後ろの席の五十嵐くんと私の、2人だけの秘密

次の日。


久々に朝から曇天。


頭が重いのに、嬉しい。


――今日も、朝から保健室に行こう。


来てくれるかな、なんて思ってバスに揺られてる自分がいた。


学校に着くと、グラウンドの方から声が聞こえてきた。


――あ、サッカー部。


サッカーゴール付近に立ってるキーパーの人がチラッと見えたので一目で分かった。


きっと五十嵐くんもあの中で練習してるんだ。


――練習って何時に終わるんだろ。
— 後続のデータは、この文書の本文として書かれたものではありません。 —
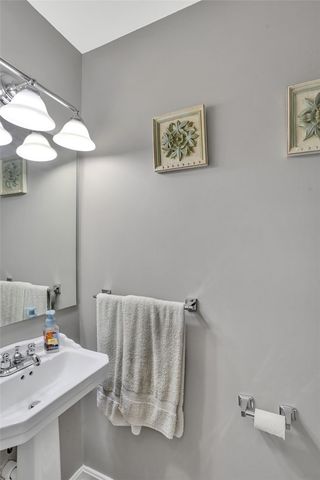 107 Georgetown Ln, Export, PA 15632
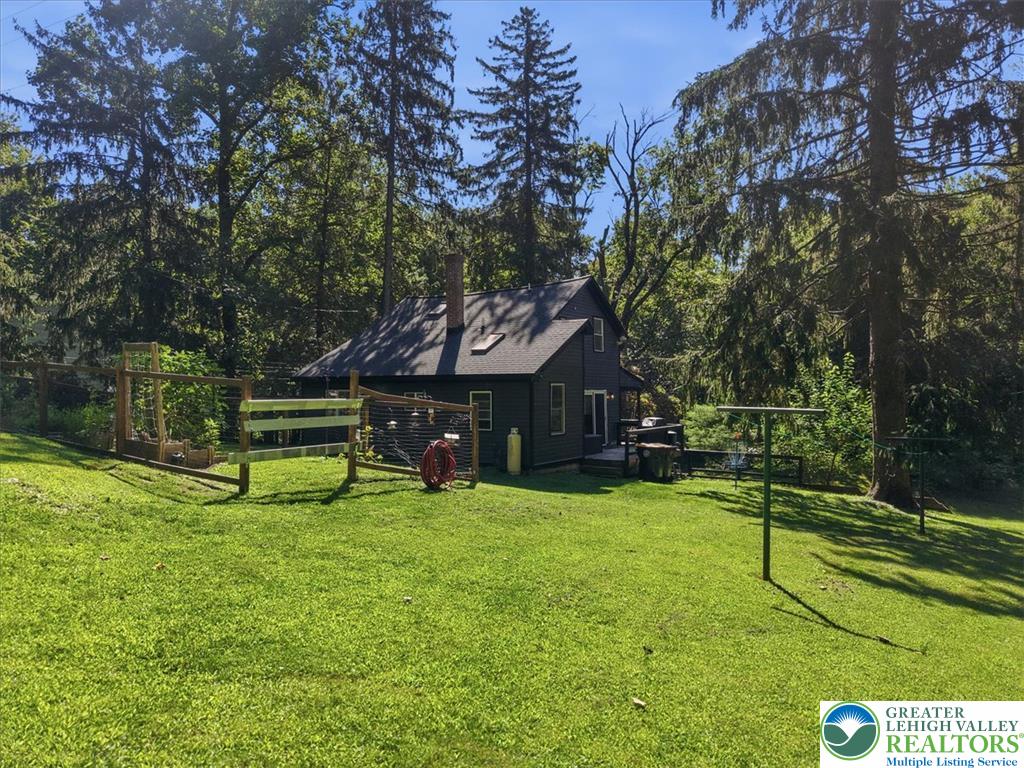 1408 Fox Gap Road Property Photo 27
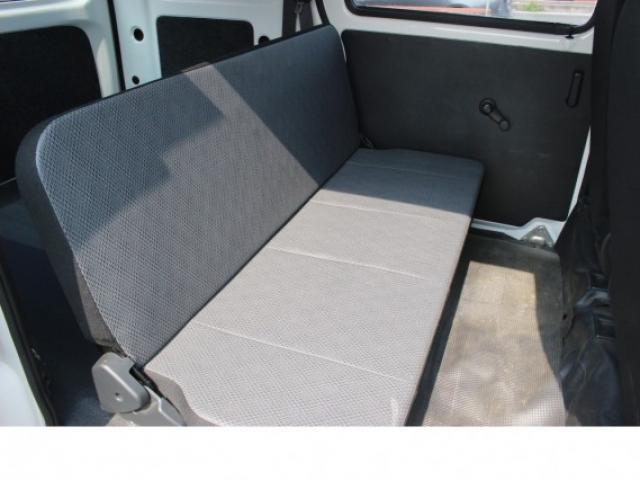 Daihatsu Hijet Cargo 7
終わった後に来てくれたりしないかな。


期待しちゃ、ダメなのに。


期待しちゃう。


保健室につくと、久保田先生がいた。今朝はゆったりと机に向かっているあたり、忙しくはなさそうだ。


「あら、松田さん。また偏頭痛?」


「はい。」


「薬は?」


「飲んできました。ホームルーム始まるまで横になっててもいいですか?」


「いいわよ〜。アラームは自分でかけておいてね。起こせないかもしれないから。」


「わかりました。」


そう言ってベッドに向かうと、上履きを脱いでリュックを下ろし、布団に入る。


――そう言えば、最初に五十嵐くんに保健室で会った時、このベッドの右半分で寝てたんだっけ。


懐かしくなりながらも、今日は五十嵐くんがいないという事実に少し淋しさを覚える。


――早く会いたいな。


そう期待していたせいか、薬を飲んでいるのにちっとも眠くならなかった。